I have dubbed February The Longest Shortest Month of the Year.  In 2004, I wrote a poem that encapsulates the feelings I have about what is nearly always my most difficult month:

Scratch February

Like a twitching itch on an unreachable patch

Of flesh, I jerk and spurt through

Twenty-eight days.  The sour

Stubborn silence of the soil

Mocks my languish, longing

For the euphoria of Spring still

Far off.   By turns soggy

And solid, bewildered by snow,

Then rain, then impossibly amiable

Temperance, the earth bows to the numbing

Power of interminable gray essence.

March on, February.  I am already

Out of step.  

                         –February 2004   

At the time, I was teaching poetry to three teenaged homeschoolers in a twice-weekly class in which we explored language, verse, rhythm, and practiced reading and writing poetry.  I wrote the above poem in response to
an exercise we did where we each brought five beautiful sounding words, and five ugly-sounding words.  We were to write a poem or two using the lists either separately or together.

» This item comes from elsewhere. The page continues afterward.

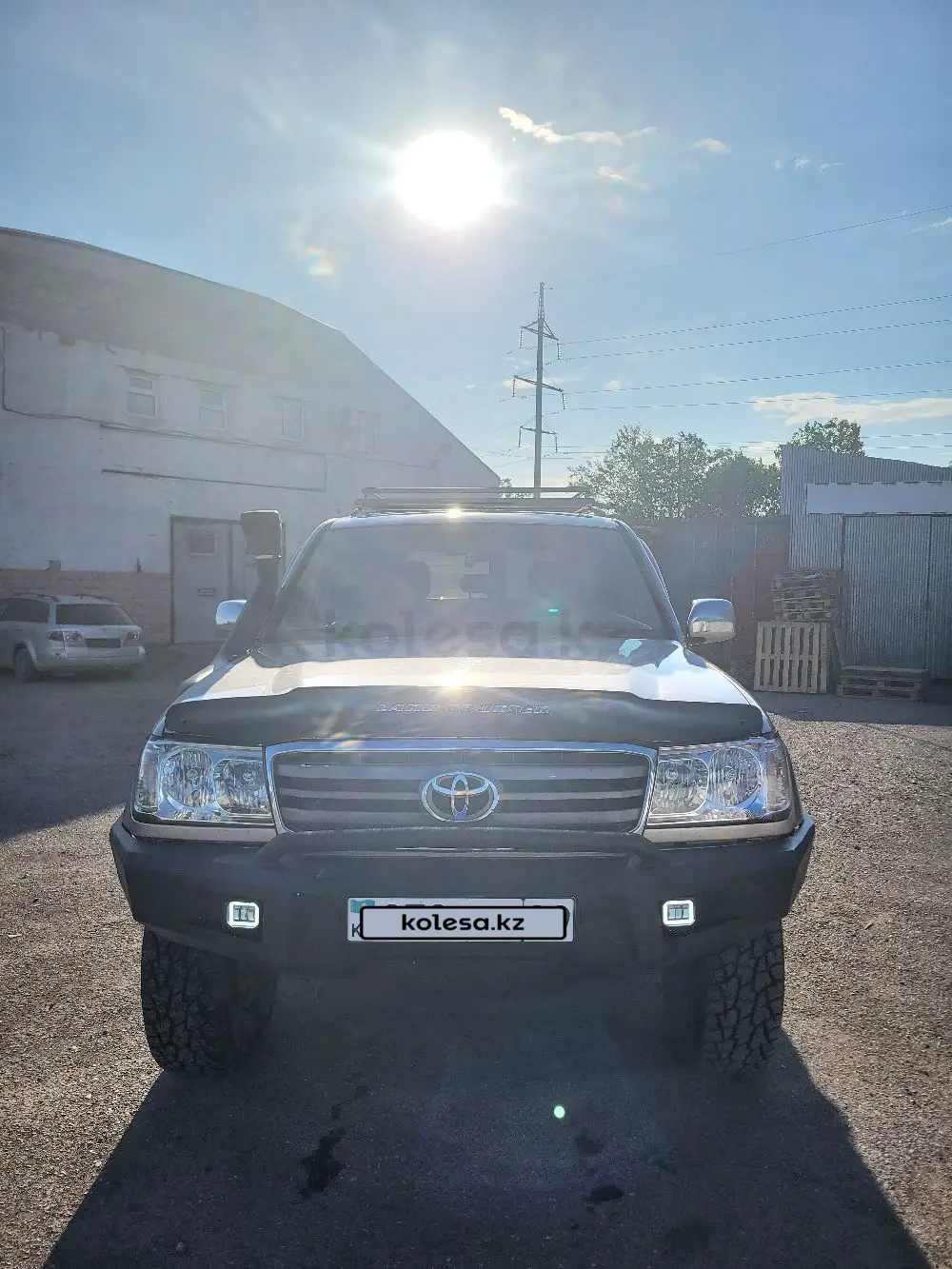 Toyota Land Cruiser, 2004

The lists we had to work with were as follows: 

 Beautiful words:  essence, luminescence, cerebral palsy, piano, soil, croissant, tintinnabulations, silence, mystic, acquiesce, sorrow, languish, euphoria, fantasia, sashay, license, luscious. 

 Ugly words:  squelch, intoxicated, confabulation, gulch, kitchen, hack, gawk, puke, sour, ugly, gross, power, gut, rut, turd, scratch, jug.

We talked about auditory combinations that seem to be common in “ugly” words, like the hard “tch” sound, and about how words beginning with “sn” had a sort of slimy, nasal-y sound, as in “snot,” “snitch,” “snooze,” and “snore.”  Words thought of as “beautiful” often had the  “sh” sound, as well as other continuants, instead of the heavy stops of the “ugly” words.

 What are your favorite words to love or hate?  Why?